• Records for this exercise:
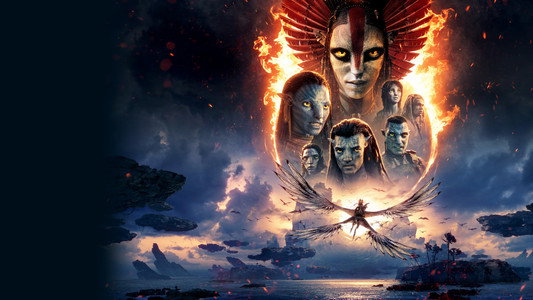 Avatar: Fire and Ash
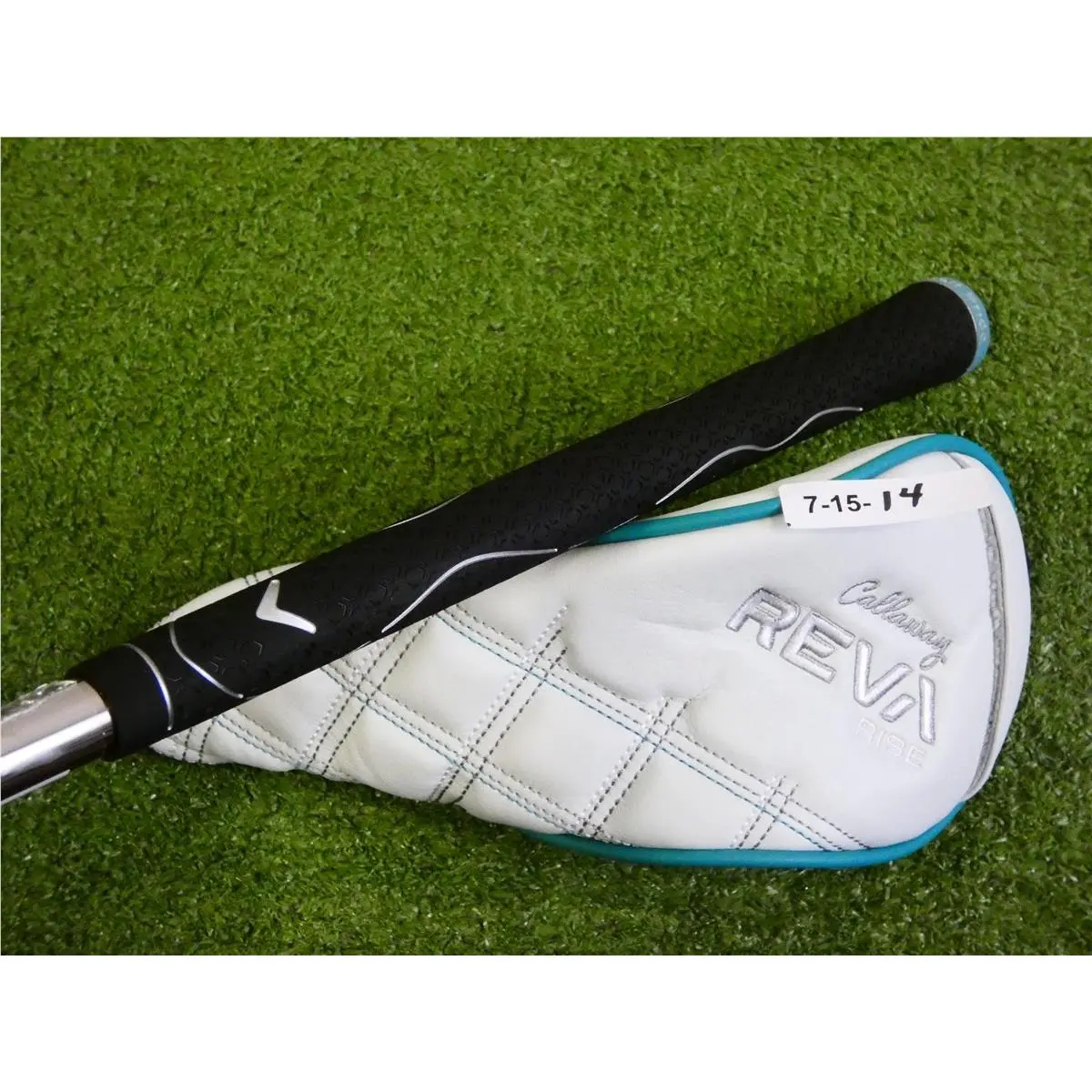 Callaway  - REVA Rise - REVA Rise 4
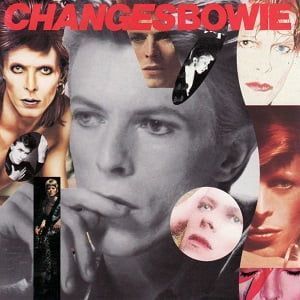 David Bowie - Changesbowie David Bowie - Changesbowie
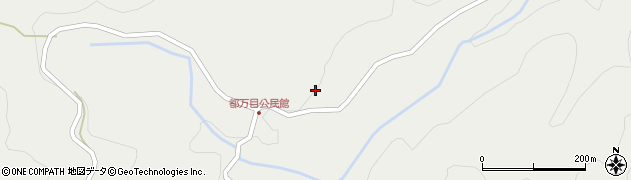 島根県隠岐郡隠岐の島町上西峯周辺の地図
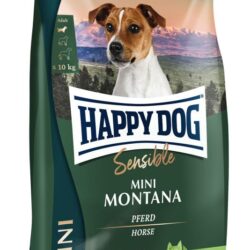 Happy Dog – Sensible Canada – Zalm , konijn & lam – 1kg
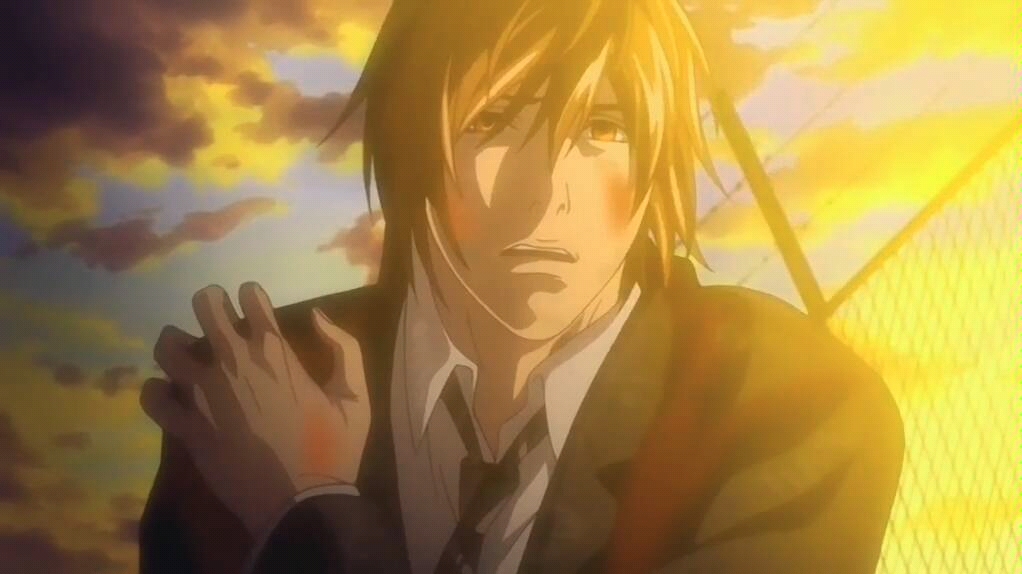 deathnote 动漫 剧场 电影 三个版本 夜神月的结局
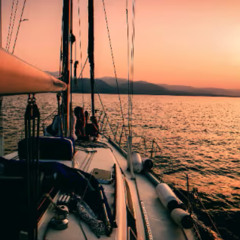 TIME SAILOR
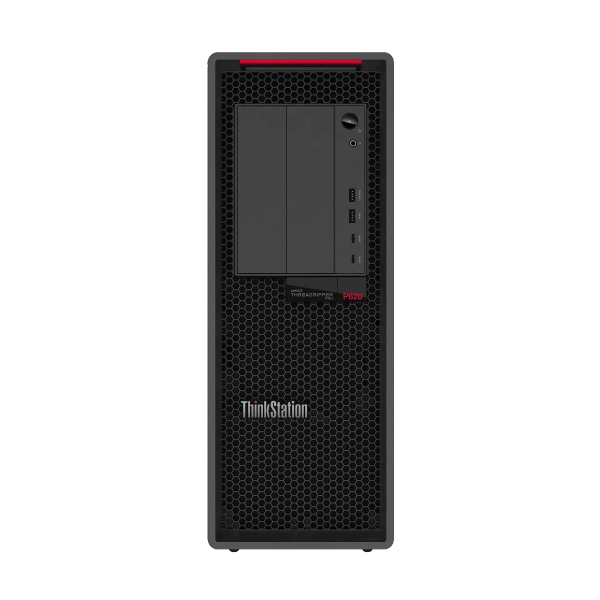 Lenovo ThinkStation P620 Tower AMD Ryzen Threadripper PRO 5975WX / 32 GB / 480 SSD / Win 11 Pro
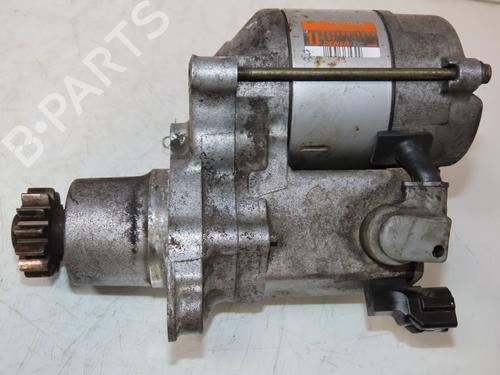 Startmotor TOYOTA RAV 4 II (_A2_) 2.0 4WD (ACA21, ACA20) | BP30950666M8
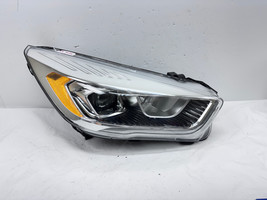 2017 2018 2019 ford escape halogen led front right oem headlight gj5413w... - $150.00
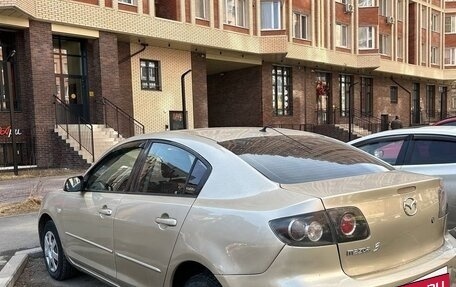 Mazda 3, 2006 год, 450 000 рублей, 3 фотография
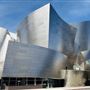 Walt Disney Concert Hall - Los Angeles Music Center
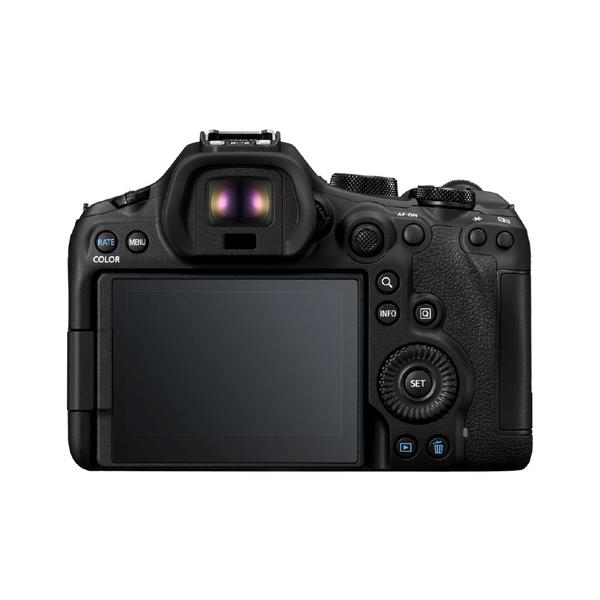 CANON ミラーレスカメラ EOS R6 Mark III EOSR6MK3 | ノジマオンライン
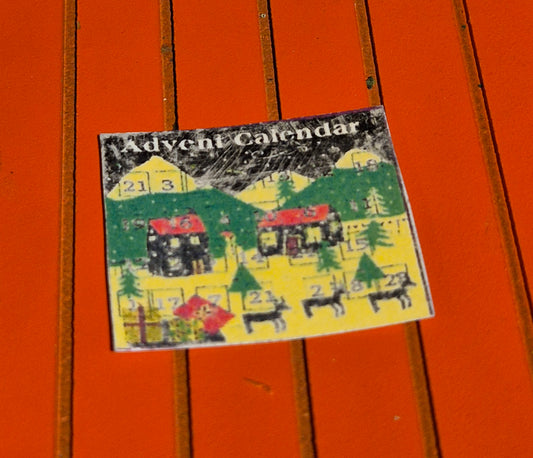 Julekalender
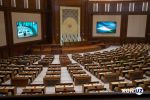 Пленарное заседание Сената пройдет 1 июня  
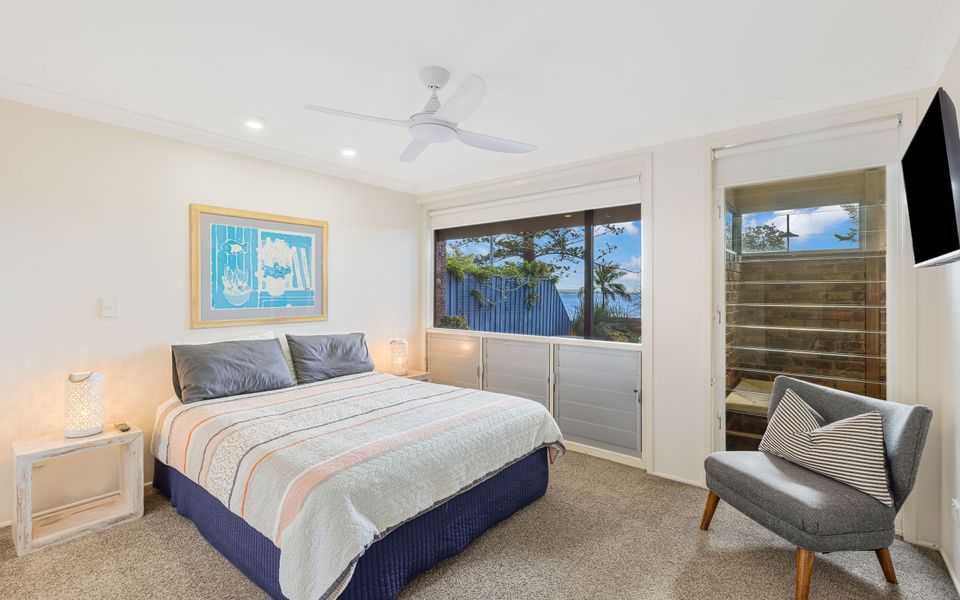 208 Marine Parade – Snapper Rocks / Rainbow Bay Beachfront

• Your objective: A word-for-word copy is needed, starting at the first line of the listing and ending with the line bearing "Lenovo ThinkStation P620". No pictures.

• Solution for this task:
 Avatar: Fire and Ash
 Callaway  - REVA Rise - REVA Rise 4
 David Bowie - Changesbowie David Bowie - Changesbowie
 島根県隠岐郡隠岐の島町上西峯周辺の地図
 Happy Dog – Sensible Canada – Zalm , konijn & lam – 1kg
 deathnote 动漫 剧场 电影 三个版本 夜神月的结局
 TIME SAILOR
 Lenovo ThinkStation P620 Tower AMD Ryzen Threadripper PRO 5975WX / 32 GB / 480 SSD / Win 11 Pro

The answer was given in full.